--- Work to complete ---
A faithful copy of all the data is the goal; omit the pictures.

--- Source material ---
----

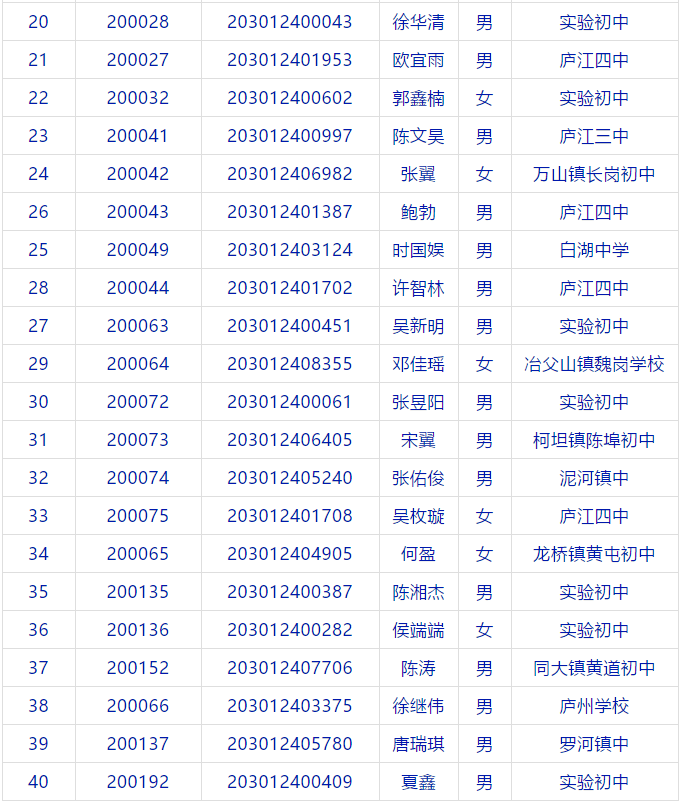 这些同学将被庐江中学录取!看看都有谁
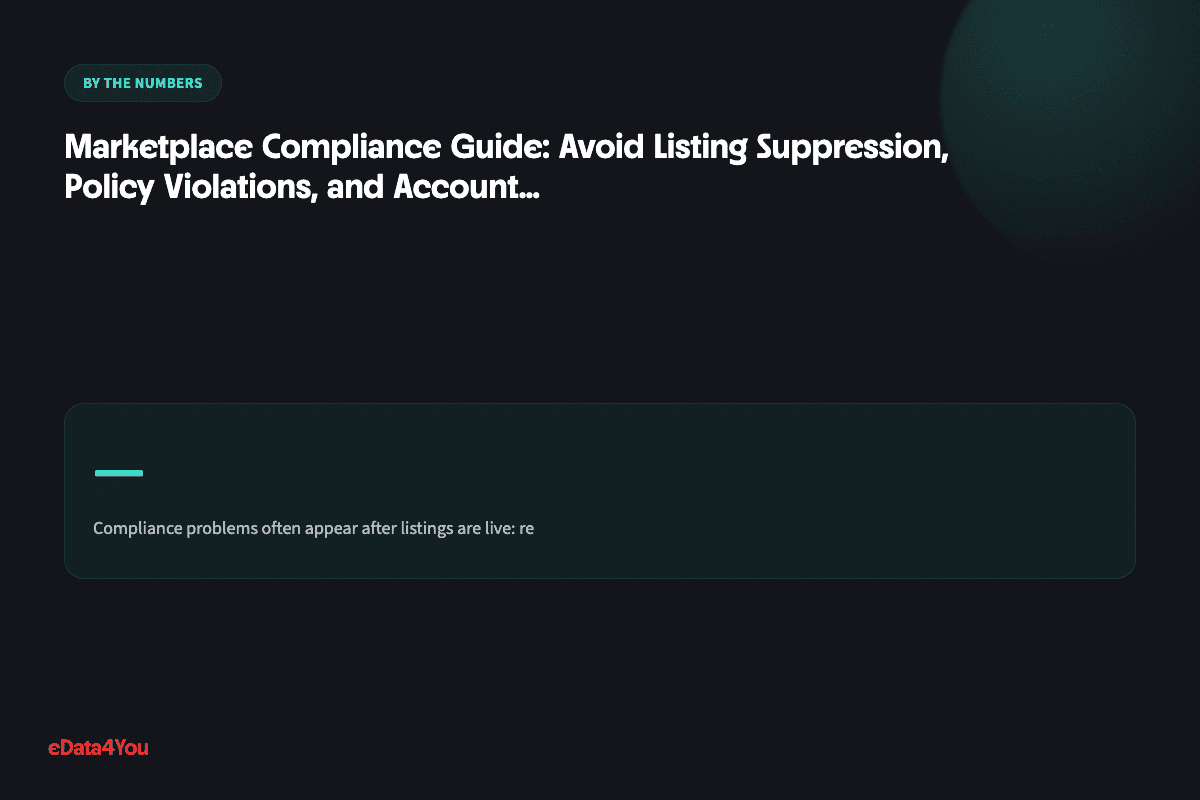 By the numbers: Marketplace Compliance Guide: Avoid Listing Suppression, Policy Violations, and…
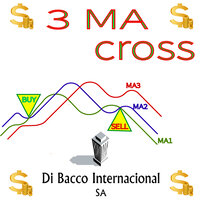 DBI Three MA Crossing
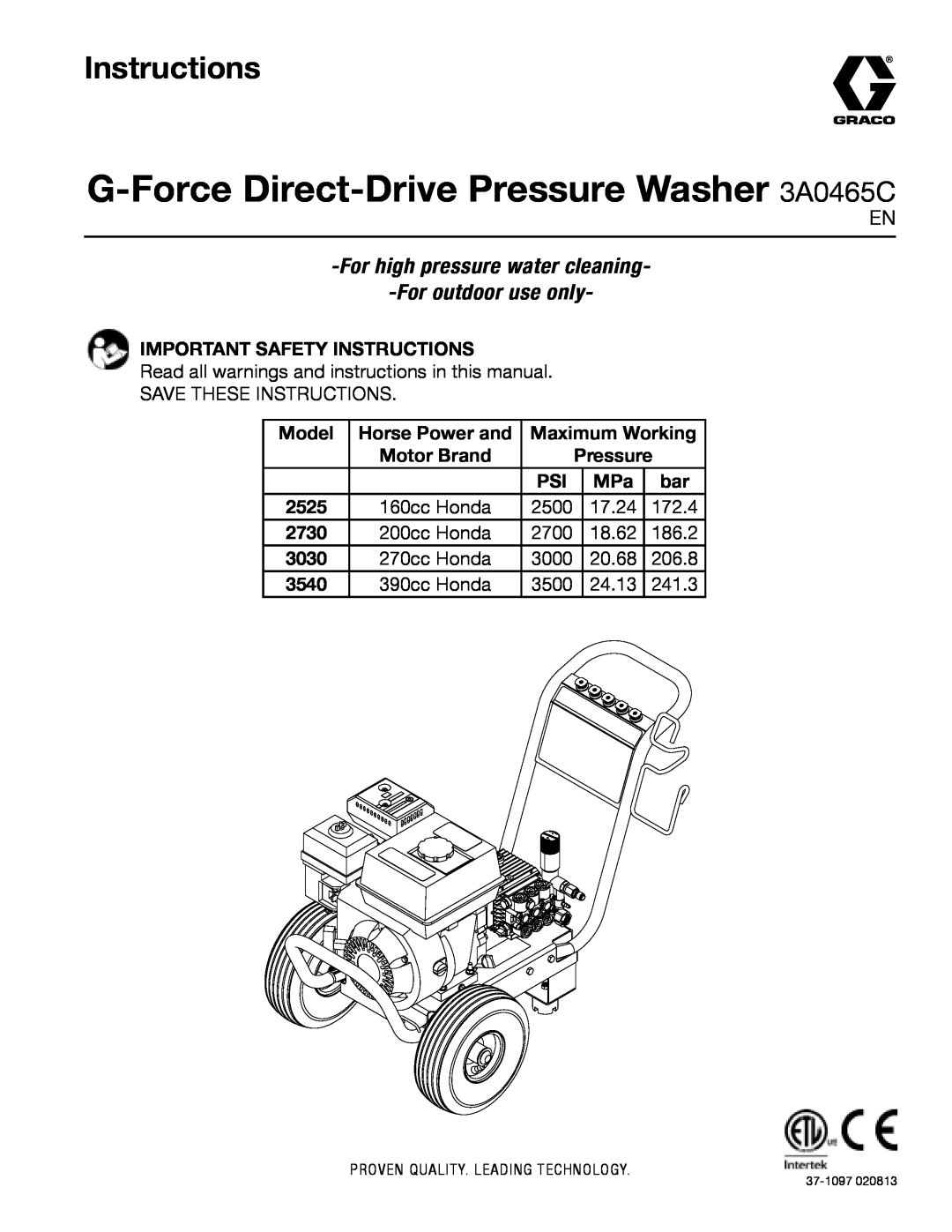 Graco 3A0465C important safety instructions Important Safety Instructions, Model, Horse Power and, Maximum Working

----

--- Written solution ---
 这些同学将被庐江中学录取!看看都有谁
 By the numbers: Marketplace Compliance Guide: Avoid Listing Suppression, Policy Violations, and…
 DBI Three MA Crossing
 Graco 3A0465C important safety instructions Important Safety Instructions, Model, Horse Power and, Maximum Working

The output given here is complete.